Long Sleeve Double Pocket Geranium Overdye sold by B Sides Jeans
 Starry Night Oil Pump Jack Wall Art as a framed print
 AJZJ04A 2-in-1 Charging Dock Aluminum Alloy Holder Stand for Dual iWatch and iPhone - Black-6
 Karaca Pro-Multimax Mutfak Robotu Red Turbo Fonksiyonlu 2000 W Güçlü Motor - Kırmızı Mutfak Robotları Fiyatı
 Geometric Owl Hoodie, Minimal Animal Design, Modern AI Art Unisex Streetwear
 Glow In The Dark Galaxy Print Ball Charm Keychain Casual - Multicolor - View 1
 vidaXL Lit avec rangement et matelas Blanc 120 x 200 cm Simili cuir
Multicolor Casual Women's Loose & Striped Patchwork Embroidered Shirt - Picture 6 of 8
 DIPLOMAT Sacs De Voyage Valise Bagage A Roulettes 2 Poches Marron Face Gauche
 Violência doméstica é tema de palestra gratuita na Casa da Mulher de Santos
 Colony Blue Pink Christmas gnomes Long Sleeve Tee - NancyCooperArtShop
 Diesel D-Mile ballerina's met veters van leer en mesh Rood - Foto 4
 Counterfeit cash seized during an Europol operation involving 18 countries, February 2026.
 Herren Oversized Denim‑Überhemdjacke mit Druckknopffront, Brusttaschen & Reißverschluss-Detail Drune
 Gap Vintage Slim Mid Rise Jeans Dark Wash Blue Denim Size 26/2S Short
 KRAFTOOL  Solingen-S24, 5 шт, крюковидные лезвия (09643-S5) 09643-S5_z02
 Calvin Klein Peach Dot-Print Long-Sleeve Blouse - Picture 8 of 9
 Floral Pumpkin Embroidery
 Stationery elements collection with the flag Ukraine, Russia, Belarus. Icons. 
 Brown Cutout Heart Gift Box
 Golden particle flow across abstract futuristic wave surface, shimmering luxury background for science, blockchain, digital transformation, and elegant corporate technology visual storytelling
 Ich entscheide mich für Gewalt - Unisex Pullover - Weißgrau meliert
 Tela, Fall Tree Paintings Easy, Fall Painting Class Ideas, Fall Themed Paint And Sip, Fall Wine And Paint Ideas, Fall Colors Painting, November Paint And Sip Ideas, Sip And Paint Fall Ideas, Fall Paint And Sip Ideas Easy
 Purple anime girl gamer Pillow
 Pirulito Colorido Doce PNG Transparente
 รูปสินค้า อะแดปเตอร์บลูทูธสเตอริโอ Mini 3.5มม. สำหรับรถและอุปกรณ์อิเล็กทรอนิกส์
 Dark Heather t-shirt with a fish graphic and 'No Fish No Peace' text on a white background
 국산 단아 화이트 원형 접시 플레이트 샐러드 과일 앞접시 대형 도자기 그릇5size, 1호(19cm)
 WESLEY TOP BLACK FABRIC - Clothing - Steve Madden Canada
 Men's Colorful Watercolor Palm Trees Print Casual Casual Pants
---+---
◆ Task directions
The listing above needs to be retyped. Reproduce every line exactly.

◆ Exercise solution
Long Sleeve Double Pocket Geranium Overdye sold by B Sides Jeans
 Starry Night Oil Pump Jack Wall Art as a framed print
 AJZJ04A 2-in-1 Charging Dock Aluminum Alloy Holder Stand for Dual iWatch and iPhone - Black-6
 Karaca Pro-Multimax Mutfak Robotu Red Turbo Fonksiyonlu 2000 W Güçlü Motor - Kırmızı Mutfak Robotları Fiyatı
 Geometric Owl Hoodie, Minimal Animal Design, Modern AI Art Unisex Streetwear
 Glow In The Dark Galaxy Print Ball Charm Keychain Casual - Multicolor - View 1
 vidaXL Lit avec rangement et matelas Blanc 120 x 200 cm Simili cuir
Multicolor Casual Women's Loose & Striped Patchwork Embroidered Shirt - Picture 6 of 8
 DIPLOMAT Sacs De Voyage Valise Bagage A Roulettes 2 Poches Marron Face Gauche
 Violência doméstica é tema de palestra gratuita na Casa da Mulher de Santos
 Colony Blue Pink Christmas gnomes Long Sleeve Tee - NancyCooperArtShop
 Diesel D-Mile ballerina's met veters van leer en mesh Rood - Foto 4
 Counterfeit cash seized during an Europol operation involving 18 countries, February 2026.
 Herren Oversized Denim‑Überhemdjacke mit Druckknopffront, Brusttaschen & Reißverschluss-Detail Drune
 Gap Vintage Slim Mid Rise Jeans Dark Wash Blue Denim Size 26/2S Short
 KRAFTOOL  Solingen-S24, 5 шт, крюковидные лезвия (09643-S5) 09643-S5_z02
 Calvin Klein Peach Dot-Print Long-Sleeve Blouse - Picture 8 of 9
 Floral Pumpkin Embroidery
 Stationery elements collection with the flag Ukraine, Russia, Belarus. Icons. 
 Brown Cutout Heart Gift Box
 Golden particle flow across abstract futuristic wave surface, shimmering luxury background for science, blockchain, digital transformation, and elegant corporate technology visual storytelling
 Ich entscheide mich für Gewalt - Unisex Pullover - Weißgrau meliert
 Tela, Fall Tree Paintings Easy, Fall Painting Class Ideas, Fall Themed Paint And Sip, Fall Wine And Paint Ideas, Fall Colors Painting, November Paint And Sip Ideas, Sip And Paint Fall Ideas, Fall Paint And Sip Ideas Easy
 Purple anime girl gamer Pillow
 Pirulito Colorido Doce PNG Transparente
 รูปสินค้า อะแดปเตอร์บลูทูธสเตอริโอ Mini 3.5มม. สำหรับรถและอุปกรณ์อิเล็กทรอนิกส์
 Dark Heather t-shirt with a fish graphic and 'No Fish No Peace' text on a white background
 국산 단아 화이트 원형 접시 플레이트 샐러드 과일 앞접시 대형 도자기 그릇5size, 1호(19cm)
 WESLEY TOP BLACK FABRIC - Clothing - Steve Madden Canada
 Men's Colorful Watercolor Palm Trees Print Casual Casual Pants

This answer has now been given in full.